Why “feigned dismay?” Well, for starters the article was written in
March 2010, during a 10-month building freeze on all settlement
construction in the “West Bank” which Prime Minister Binyamin
Netanyahu imposed despite powerful opposition from his political
base, as an unprecedented goodwill gesture, which the Palestinians
spurned.
Is it remotely plausible that Friedman was unaware of this crucial
and widely publicized information? Was he appalling derelict or
deliberately deceitful in creating the impression that Israel was not
in fact abstaining from the “sheer madness” of settlement
construction?
Moreover, since the neighborhood involved, Ramat Shlomo, falls within
the confines of Jerusalem, it was not subject to the construction
freeze. Indeed, most of its initial development was undertaken under
the government of the Nobel peace laureates Shimon Peres and Yitzhak
Rabin in the mid-1990s. So if we are to take Friedman at his word, it
would be included in the “Jewish suburbs that Arafat accepted would
be under Israeli sovereignty.”
So why would approval of building there be in any way objectionable –
let alone “sheer madness?”
But, of course, Friedman’s take on Arafat’s position is – to be
charitable – highly “creative.” Indeed, in Tobin’s terminology, it
might well be deemed another “whopper.”
For in stark contradiction to his claim that “Arafat accepted that
Jewish suburbs [of East Jerusalem] would be under Israeli
sovereignty” in a peace agreement, Akram Hanieh, a close Arafat
adviser, and a member of the Palestinian Camp David team,
states: “Arafat firmly rejected any fragmentation of... the Jerusalem
issue and stuck to the Palestinian insistence on Palestinian
sovereignty over all East Jerusalem” (Journal of Palestine Studies,
Vol.30, (2) p. 87) It would be intriguing to learn on what sources
Friedman draws to substantiate his extraordinary claim.
Applauding hypocrisy?
But Friedman misleads his readers not only with what he says – but
with what he does not.
So while he applauds Vice President Joe Biden’s display of anger at
Israel’s building in east Jerusalem, he conceals the fact that it was
none other than Sen. Joe Biden who supported/sponsored and/or
cosponsored at least half-a-dozen congressional resolutions calling
not only for US recognition of an undivided Jerusalem as the capital
of Israel but for the US to relocate its embassy to the city.
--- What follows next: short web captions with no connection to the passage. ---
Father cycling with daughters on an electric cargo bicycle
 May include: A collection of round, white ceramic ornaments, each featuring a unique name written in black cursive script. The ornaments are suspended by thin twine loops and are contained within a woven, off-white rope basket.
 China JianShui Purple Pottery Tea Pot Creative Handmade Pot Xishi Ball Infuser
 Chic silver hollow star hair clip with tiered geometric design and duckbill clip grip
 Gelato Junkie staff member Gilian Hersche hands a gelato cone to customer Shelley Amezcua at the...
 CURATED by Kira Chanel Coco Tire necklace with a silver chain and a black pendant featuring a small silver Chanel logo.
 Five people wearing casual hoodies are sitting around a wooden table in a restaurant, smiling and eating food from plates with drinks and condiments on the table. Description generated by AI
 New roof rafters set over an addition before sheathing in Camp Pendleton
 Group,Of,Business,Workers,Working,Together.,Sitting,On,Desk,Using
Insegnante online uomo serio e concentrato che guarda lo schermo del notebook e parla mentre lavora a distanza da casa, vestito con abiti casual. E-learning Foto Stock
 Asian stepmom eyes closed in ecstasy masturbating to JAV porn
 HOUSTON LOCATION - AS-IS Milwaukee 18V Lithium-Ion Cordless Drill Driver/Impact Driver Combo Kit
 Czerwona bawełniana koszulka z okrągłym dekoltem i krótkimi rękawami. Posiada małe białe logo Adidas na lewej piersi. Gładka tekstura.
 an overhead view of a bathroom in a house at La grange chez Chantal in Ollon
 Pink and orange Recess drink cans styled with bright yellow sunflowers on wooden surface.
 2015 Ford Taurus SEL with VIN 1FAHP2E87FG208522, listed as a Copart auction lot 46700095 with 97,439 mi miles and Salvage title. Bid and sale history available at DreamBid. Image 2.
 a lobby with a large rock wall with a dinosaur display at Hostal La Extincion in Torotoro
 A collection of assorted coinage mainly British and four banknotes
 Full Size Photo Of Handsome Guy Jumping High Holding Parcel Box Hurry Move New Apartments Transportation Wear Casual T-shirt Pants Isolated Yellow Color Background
These included a resolution (S. CON. RES. 21) which... calls upon the
President and Secretary of State to publicly affirm as a matter of
United States policy that Jerusalem must remain the undivided capital
of the state of Israel; and urges United States officials to refrain
from any actions that contradict United States law on this subject.
So when Friedman fawns that he is “a big Joe Biden fan [because] he
is an indefatigable defender of US interests abroad,” was he
referring to Biden’s earlier endorsement of Israel’s sovereignty over
an undivided Jerusalem or his later excoriation of Israel’s actions
that reflect that sovereignty? Or perhaps the good Tom is so
unscrupulous that he is actually lauding Biden’s blatantly
hypocritical condemnation of Israel for creating precisely the
reality he himself called for?
Brazen effrontery
In his “I Believe I Can Fly” (January 13, 2010), Friedman chides
Netanyahu for not extending the building freeze that expired three
weeks earlier, for another 90 days. Curiously – or perhaps not – he
makes no reference to the fact that the 300-day moratorium on
settlement construction did not produce the slightest sign of
Palestinian willingness to resume negotiations; nor does he offer any
reason why an additional 90 days would do so.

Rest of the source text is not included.